Aux termes de l'article 905-1 du code de procédure civile, lorsque l'affaire est fixée à bref délai par le président de la chambre, l'appelant signifie la déclaration d'appel dans les dix jours de la réception de l'avis de fixation qui lui est adressé par le greffe à peine de caducité de la déclaration d'appel relevée d'office par le président de la chambre ou le magistrat désigné par le premier président ; cependant, si, entre-temps, l'intimé a constitué avocat avant signification de la déclaration d'appel, il est procédé par voie de notification à son avocat.

Au cas présent, le syndicat des copropriétaires soulève la caducité de la déclaration d'appel faute de signification de cet acte dans le délai de dix jours de l'avis de fixation.

Toutefois, l'avis de fixation a été notifié par le greffe à l'avocat de l'appelante le 24 novembre 2023.

Le délai de dix jours pour signifier la déclaration d'appel expirait, en conséquence, le lundi 4 décembre 2023 à minuit.

L'intimée a constitué avocat le 28 novembre 2023 soit avant l'expiration du délai de dix jours susvisé.

Or, l'absence de signification de la déclaration d'appel à l'intimée ou de sa notification à son avocat constitué entre-temps n'est pas sanctionnée par la caducité de la déclaration d'appel.

En conséquence, la demande du syndicat des copropriétaires tendant à voir déclarer caduque la déclaration d'appel sera rejetée.

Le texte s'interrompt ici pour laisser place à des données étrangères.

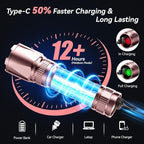 LETMY Rechargeable Flashlights High Lumens, 2 Pack 2000 Lumens Bright LED - Image 3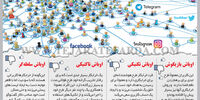 اوباش مجازی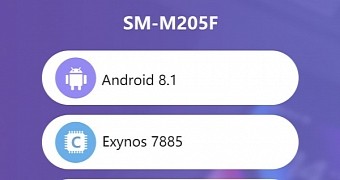 AnTuTu benchmark revealing the new Galaxy M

Sur la demande tendant à voir écarter des débats les pièces de l'appelante

L'intimé demande d'écarter des débats les pièces visées dans les conclusions de la SCI CEFH dès lors qu'elles ne lui ont pas été communiquées.

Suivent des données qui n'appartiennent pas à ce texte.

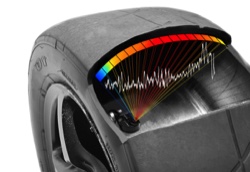 Izze-Racing High Speed CPLV Tire Temperature Pressure Measurement System TPMS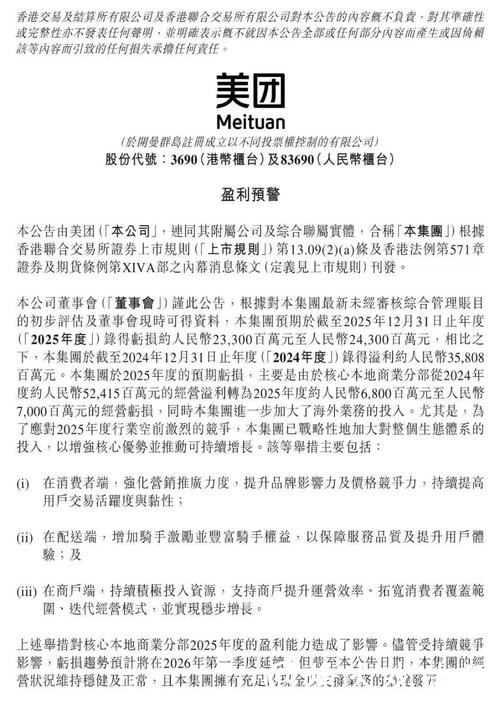 2025巨亏超230亿!美团发布盈利预警,一季度将延续亏损!网友:真是实打实的百亿补贴! 2025巨亏超230亿!美团发布盈利预警,一季度将延续亏损!网友:真是实打实的百亿补贴!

Par courrier officiel du 4 janvier 2024, l'avocat du syndicat des copropriétaire a demandé à celui de la SCI CEFH de lui adresser les pièces visées au soutien de ses conclusions d'appelant.

L'appelante, qui ne présente aucune observation sur la demande de rejet de ses pièces, ne s'explique pas sur leur communication à la partie adverse ni ne justifie d'une telle communication.

En outre, le dépôt du bordereau de communication de pièces de l'appelante n'apparaît pas avoir été notifié par l'intermédiaire du RPVA.

En conséquence, afin de garantir le respect du contradictoire, il convient d'écarter des débats les pièces de l'appelante.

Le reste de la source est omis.